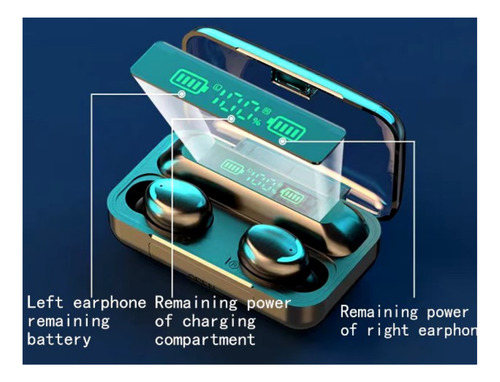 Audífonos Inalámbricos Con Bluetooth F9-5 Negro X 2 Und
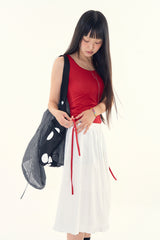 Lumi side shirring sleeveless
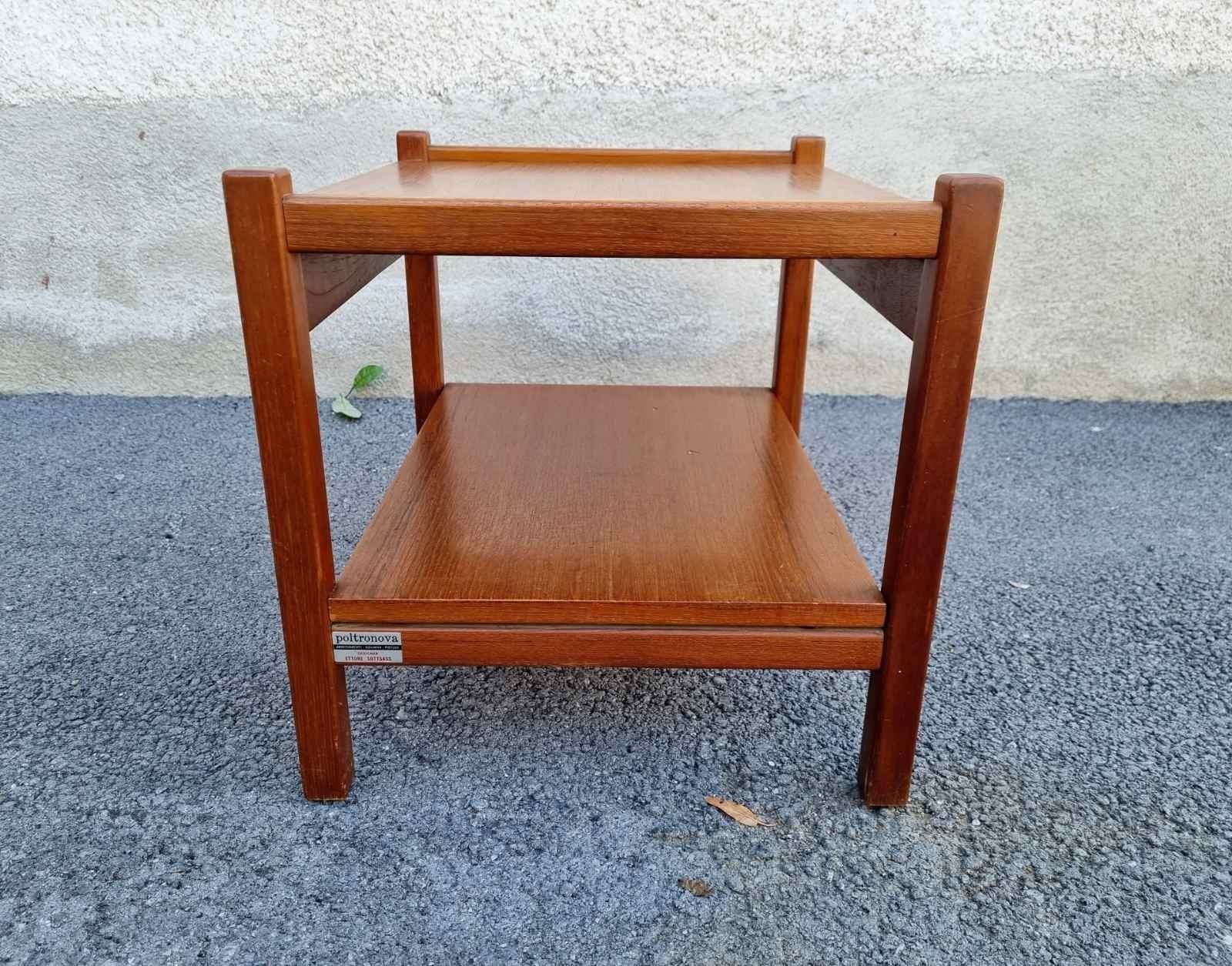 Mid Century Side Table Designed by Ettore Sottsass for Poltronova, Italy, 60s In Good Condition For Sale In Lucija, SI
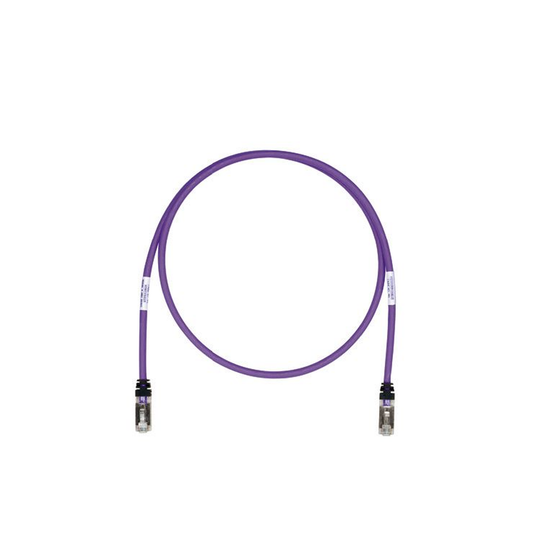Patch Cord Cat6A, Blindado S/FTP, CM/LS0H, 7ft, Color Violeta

Your task: Write out the material above exactly; no pictures.

Result of this task:
 Audífonos Inalámbricos Con Bluetooth F9-5 Negro X 2 Und
 Lumi side shirring sleeveless
 Mid Century Side Table Designed by Ettore Sottsass for Poltronova, Italy, 60s In Good Condition For Sale In Lucija, SI
Patch Cord Cat6A, Blindado S/FTP, CM/LS0H, 7ft, Color Violeta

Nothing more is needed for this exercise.